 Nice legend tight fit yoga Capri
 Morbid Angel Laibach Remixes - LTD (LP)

...

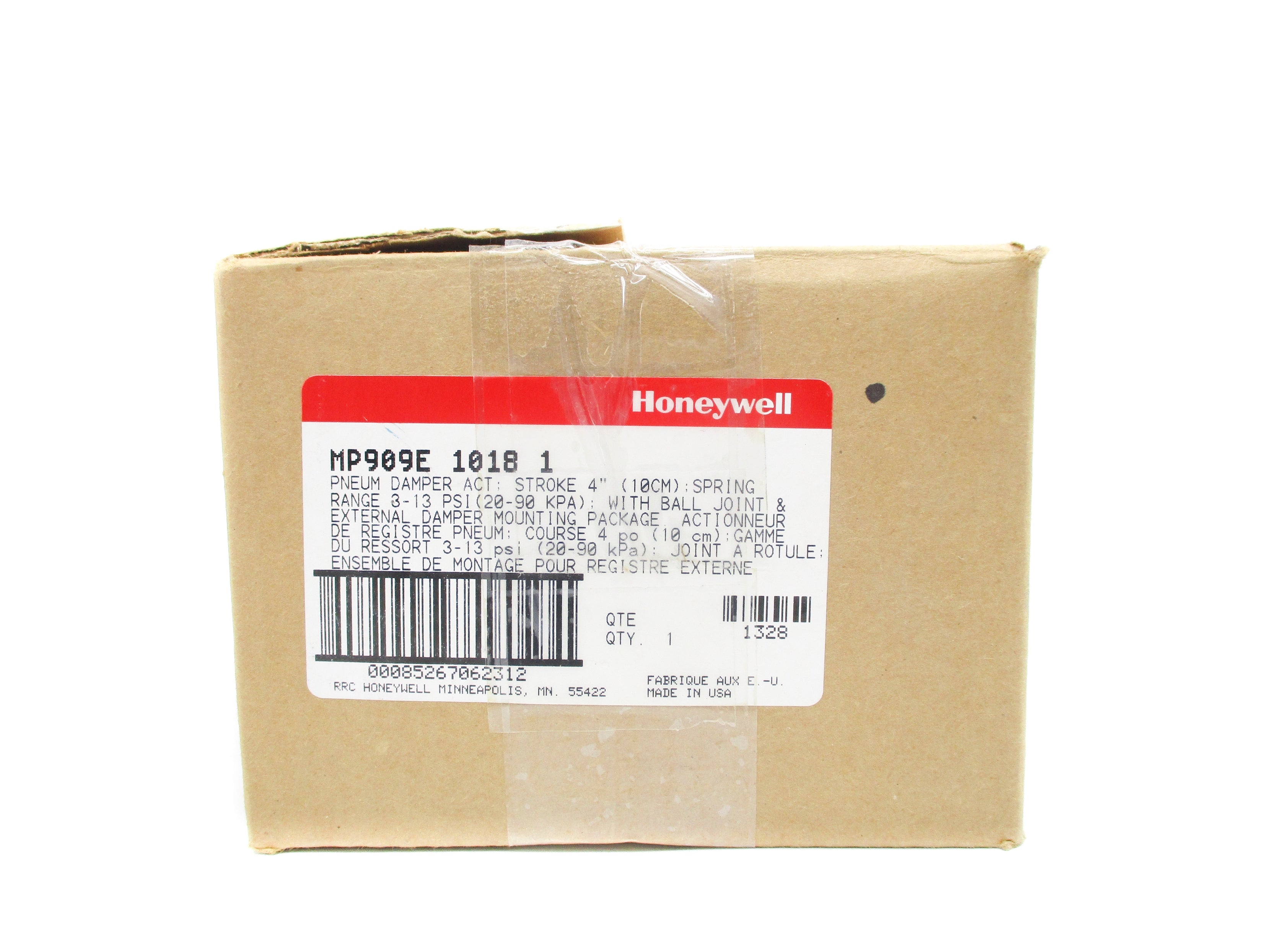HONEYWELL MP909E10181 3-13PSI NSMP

...

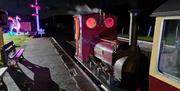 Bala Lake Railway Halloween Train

TASK DESCRIPTION -> Within the listing above, the range opens at the line with "Nice legend tight fit yoga Capri" and closes at the line with "Morbid Angel Laibach Remixes - LTD (LP)". Reproduce exactly the lines of that range, including both ends.

OUTPUT OF THE TASK ->
 Nice legend tight fit yoga Capri
 Morbid Angel Laibach Remixes - LTD (LP)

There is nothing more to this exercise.